Cada pueblo intenta zurcir heridas según el temperamento nacional y las circunstancias presentes. En México, el régimen priista resanó las memorias de la mentada Revolución Mexicana, el peor conflicto de la historia de América y que dejara un millón de muertos, mediante el sencillo expediente de "hacer héroe" a miembros de todos los bandos: lo fue Madero, contra el que se rebeló Zapata. Lo fue Carranza, igual que Obregón, que lo mandó asesinar. Lo fue Calles, quien se hubiera desayunado a Villa en caso de habérselo servido en estofado. Lo fue Cárdenas, que humanamente exilió a Calles. Con ese galimatías se le dio carpetazo al asunto: una guerra civil viciosa y sin ideas luminosas, se convirtió en una gran Revolución que un siglo después ha producido un país con la mitad de sus habitantes en la pobreza. ¡Bonito mérito! Ah, pero eso sí: nos dio material para bautizar avenidas, bulevares y escuelas primarias rurales de aquí a que el infierno se congele.
En Sudáfrica se dio por terminado el capítulo del Apartheid mediante una Comisión de la Verdad, en la que no hubo persecución judicial; pero los responsables de mucha efusión de sangre (de la parte gubernamental, pero también de la oposición negra) declararon, por primera vez, lo que había ocurrido en realidad. Algunos pidieron perdón, otros se mostraron desafiantes. Pero al menos hubo la sensación de que se había clausurado una etapa.
En España, los resultados de la Guerra Civil dejaron muchos rencores sordos. Cuando se restauró la democracia en 1976, parte del consenso que permitió que la Madre Patria se volviera un país próspero y estable, fue el no moverle a las viejas rencillas: aquello debía quedar en el pasado.
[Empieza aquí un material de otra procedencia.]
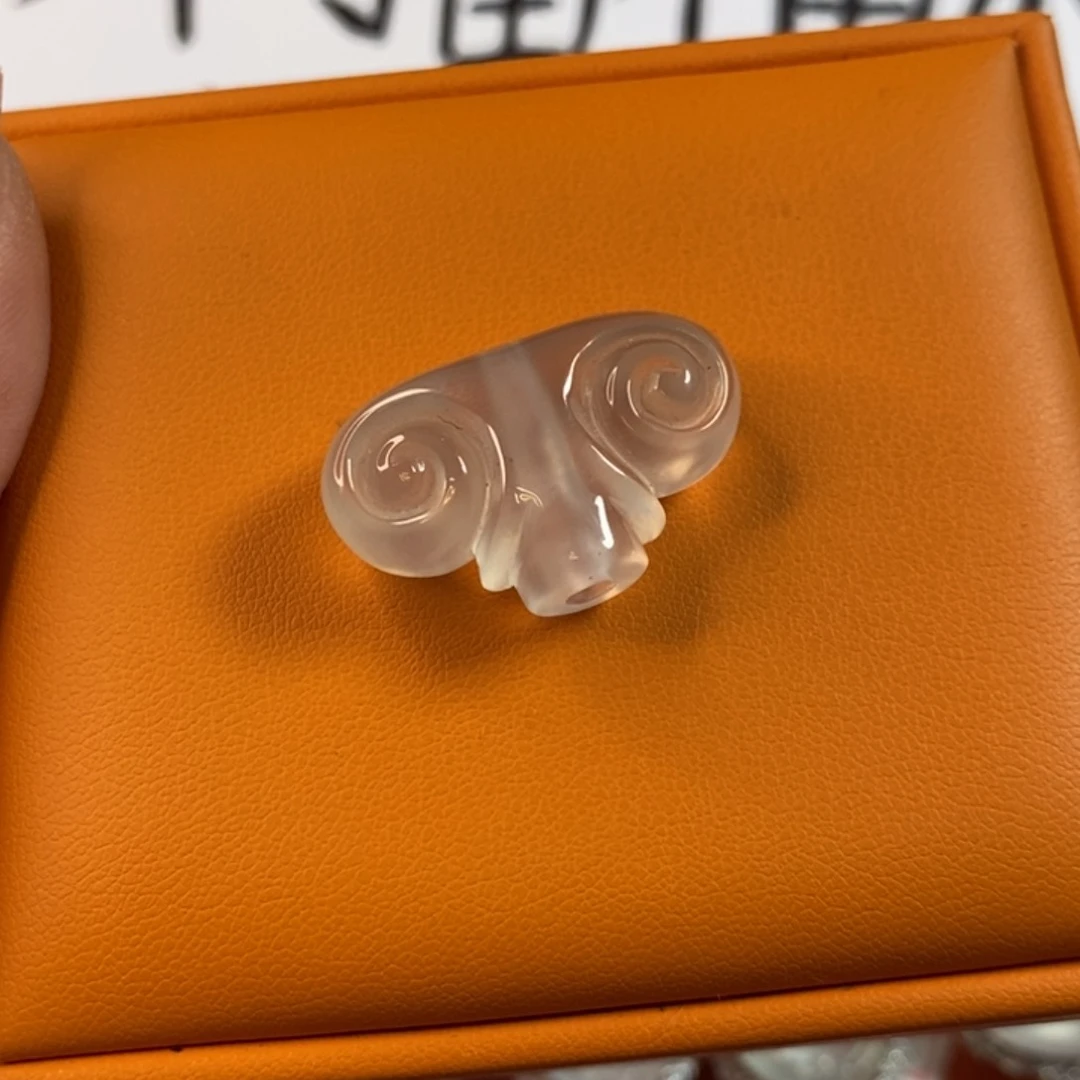 石英质玉通孔如意头未镶嵌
Los exiliados volvieron, y nadie fue llevado a juicio por lo ocurrido cuarenta años atrás. Y cuando algunos quisieron re-encender las llamas del encono, la sociedad hispana les dio un "¡Estate quieto!" Las estatuas del Caudillo fueron desapareciendo silenciosamente de las rotondas. Hoy no queda una sola. Y ni quién diga nada.
Pero ahora, distintos sectores de la sociedad quieren desenterrar algunos muertos. Literalmente. En varias partes de España se están excavando fosas comunes, con muertos de hace setenta años, para reconocer y darle sepultura decente a algunas víctimas de aquel feroz conflicto.
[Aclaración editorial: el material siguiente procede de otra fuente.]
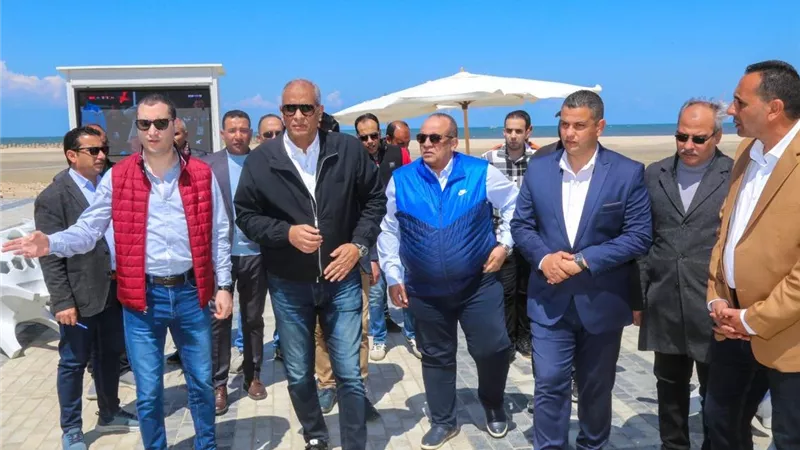 محافظ كفرالشيخ يتابع تنفيذ مشروع “الأكوابارك” بكورنيش بلطيم الجديد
Uno de los caídos más famosos es el poeta Federico García Lorca, fusilado en los primeros días del Alzamiento, y enterrado en una fosa común de las que empiezan a ser excavadas en estos días. ¿Y saben qué dijeron los descendientes del poeta granadino? Que si por ellos fuera, no querían saber nada del asunto. Que lo mejor sería habilitar los terrenos donde se ubican las fosas como lugares autorizados para enterramiento. Que de sitio clandestino pase a panteón oficial. Que dejen a esos muertos en paz. Y tan tan. ¿Cómo ve? ¿Es lo más sano? ¿Será la mejor manera de exorcizar fantasmas que los vivos insisten en conjurar?